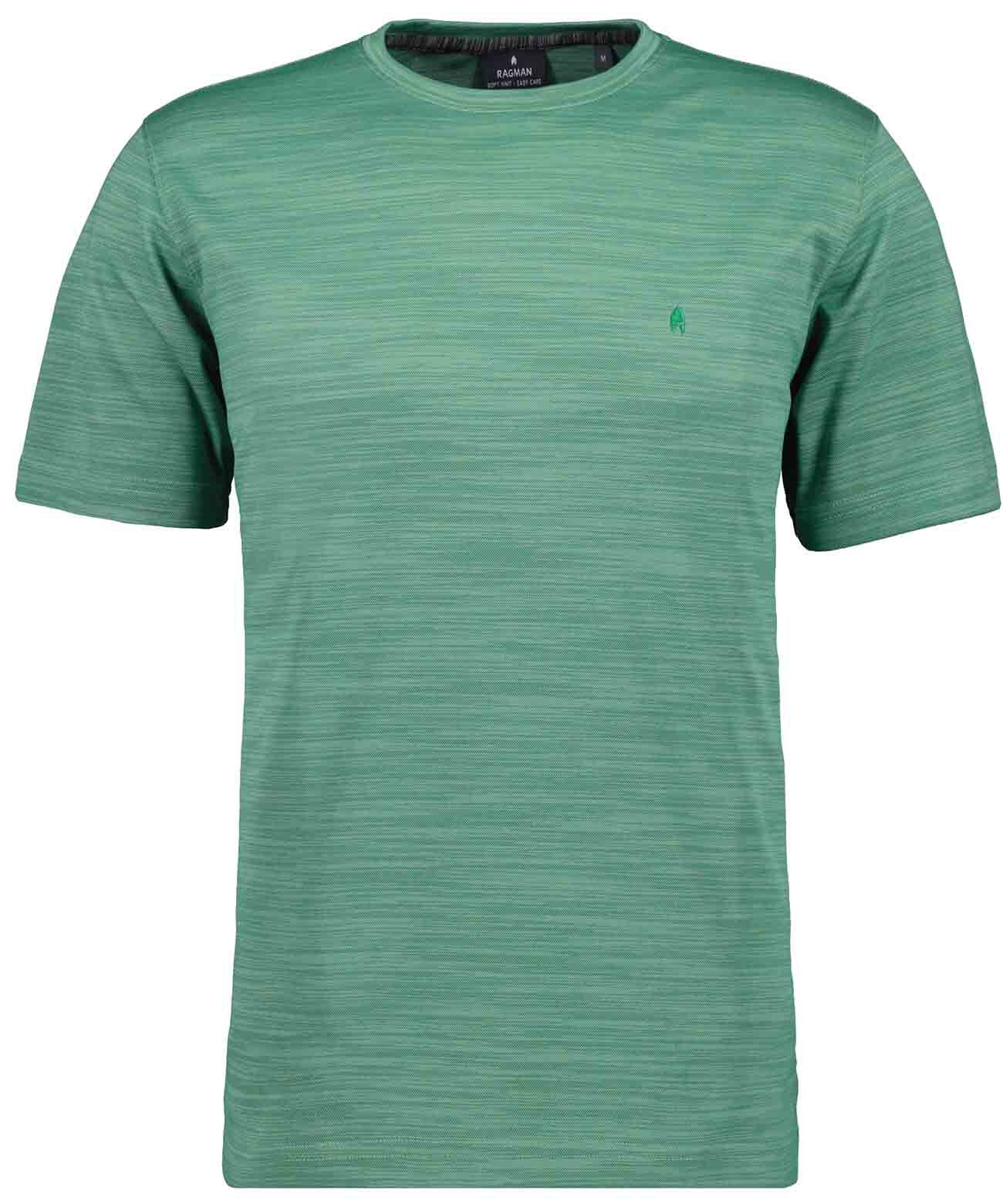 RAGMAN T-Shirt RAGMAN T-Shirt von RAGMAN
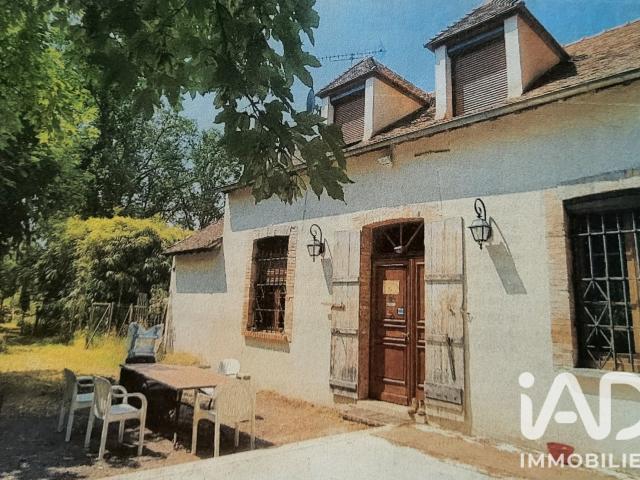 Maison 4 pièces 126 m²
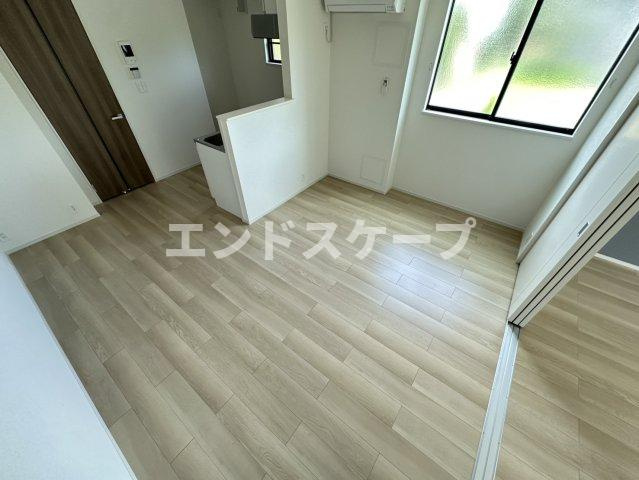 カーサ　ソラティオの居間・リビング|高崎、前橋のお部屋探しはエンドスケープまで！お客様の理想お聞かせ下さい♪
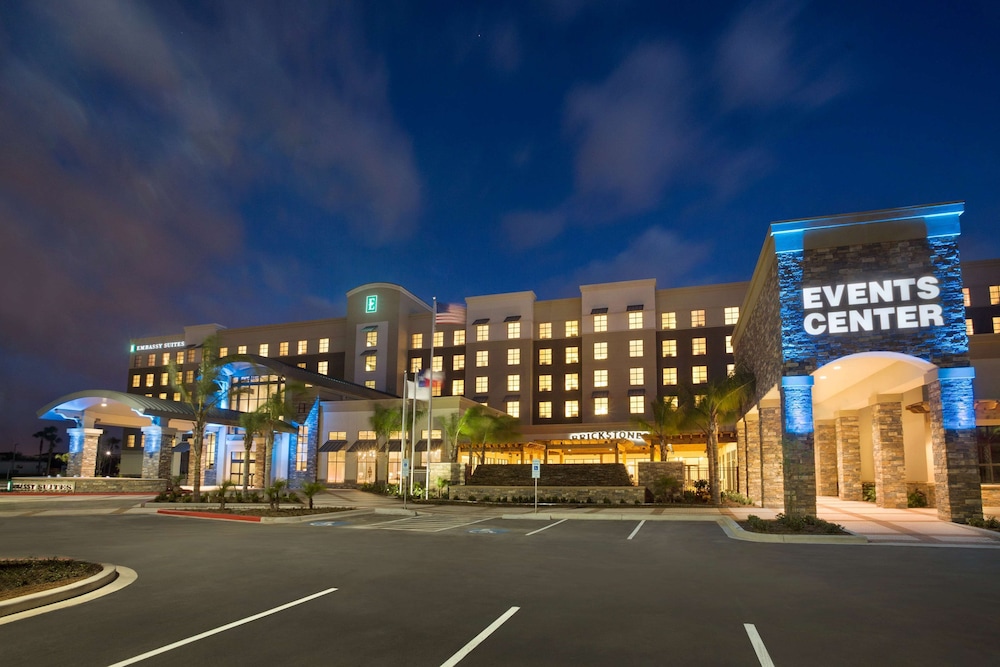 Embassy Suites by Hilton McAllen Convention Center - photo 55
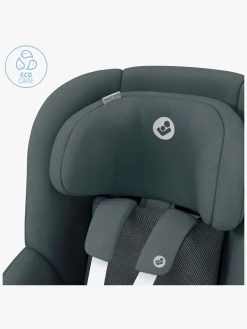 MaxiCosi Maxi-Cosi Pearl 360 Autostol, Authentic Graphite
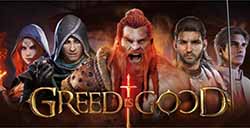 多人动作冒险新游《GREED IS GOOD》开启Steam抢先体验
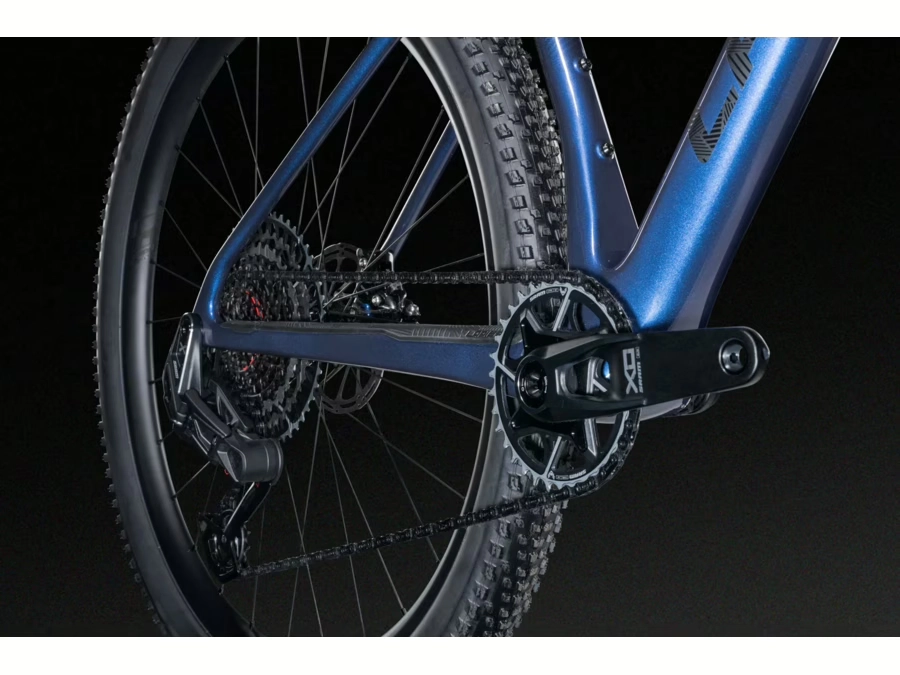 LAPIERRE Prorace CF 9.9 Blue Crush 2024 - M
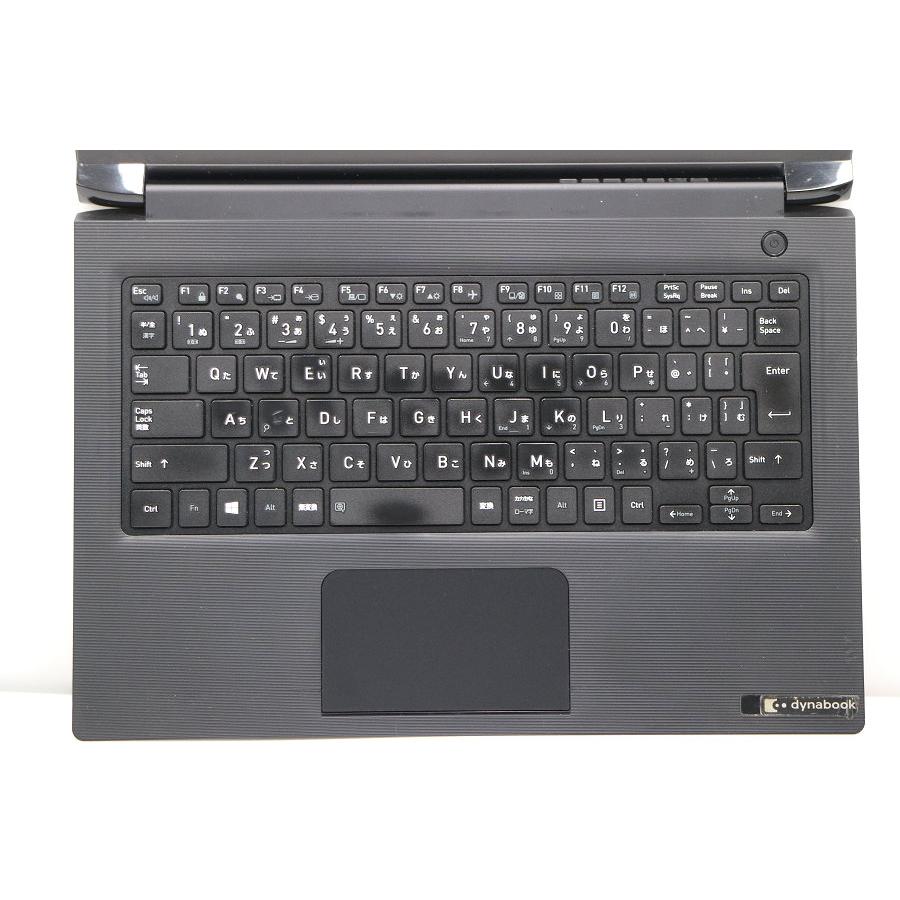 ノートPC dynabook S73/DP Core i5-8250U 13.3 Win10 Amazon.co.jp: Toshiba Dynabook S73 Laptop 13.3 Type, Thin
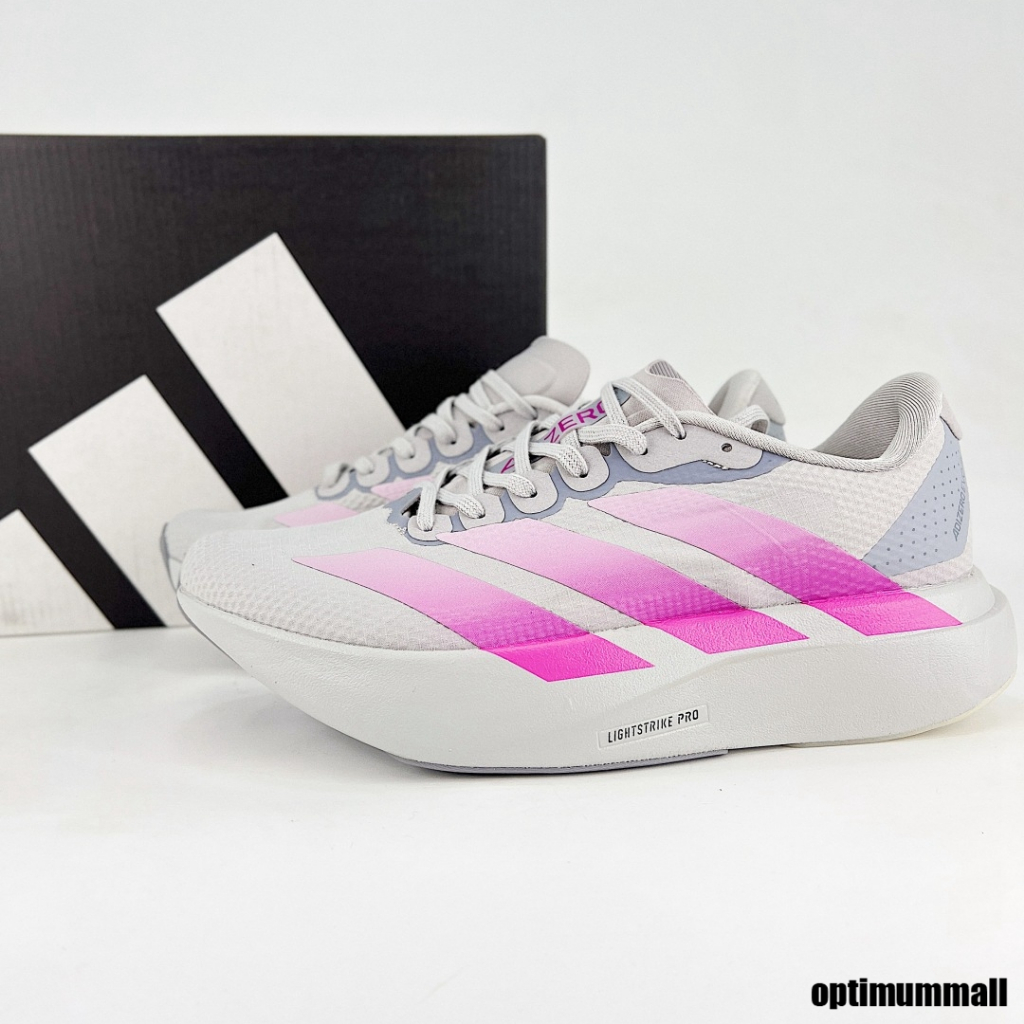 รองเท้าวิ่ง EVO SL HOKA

------------

About this exercise
Output the whole listing without change. Any picture is to be left out.

Completed task
 RAGMAN T-Shirt RAGMAN T-Shirt von RAGMAN
 Maison 4 pièces 126 m²
 カーサ　ソラティオの居間・リビング|高崎、前橋のお部屋探しはエンドスケープまで！お客様の理想お聞かせ下さい♪
 Embassy Suites by Hilton McAllen Convention Center - photo 55
 MaxiCosi Maxi-Cosi Pearl 360 Autostol, Authentic Graphite
 多人动作冒险新游《GREED IS GOOD》开启Steam抢先体验
 LAPIERRE Prorace CF 9.9 Blue Crush 2024 - M
 ノートPC dynabook S73/DP Core i5-8250U 13.3 Win10 Amazon.co.jp: Toshiba Dynabook S73 Laptop 13.3 Type, Thin
 รองเท้าวิ่ง EVO SL HOKA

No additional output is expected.